Source data:
== Segment start ==
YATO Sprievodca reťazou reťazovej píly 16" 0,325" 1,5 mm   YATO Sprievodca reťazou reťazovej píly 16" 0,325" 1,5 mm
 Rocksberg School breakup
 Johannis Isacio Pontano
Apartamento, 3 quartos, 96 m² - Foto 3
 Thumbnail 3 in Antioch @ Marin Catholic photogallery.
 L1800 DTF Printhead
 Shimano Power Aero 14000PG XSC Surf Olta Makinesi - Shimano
== Segment end ==
Directions: The lines from the one containing "Rocksberg School breakup" through the final line of the listing above are all you should set down, exactly as written.

Exercise solution:
 Rocksberg School breakup
 Johannis Isacio Pontano
Apartamento, 3 quartos, 96 m² - Foto 3
 Thumbnail 3 in Antioch @ Marin Catholic photogallery.
 L1800 DTF Printhead
 Shimano Power Aero 14000PG XSC Surf Olta Makinesi - Shimano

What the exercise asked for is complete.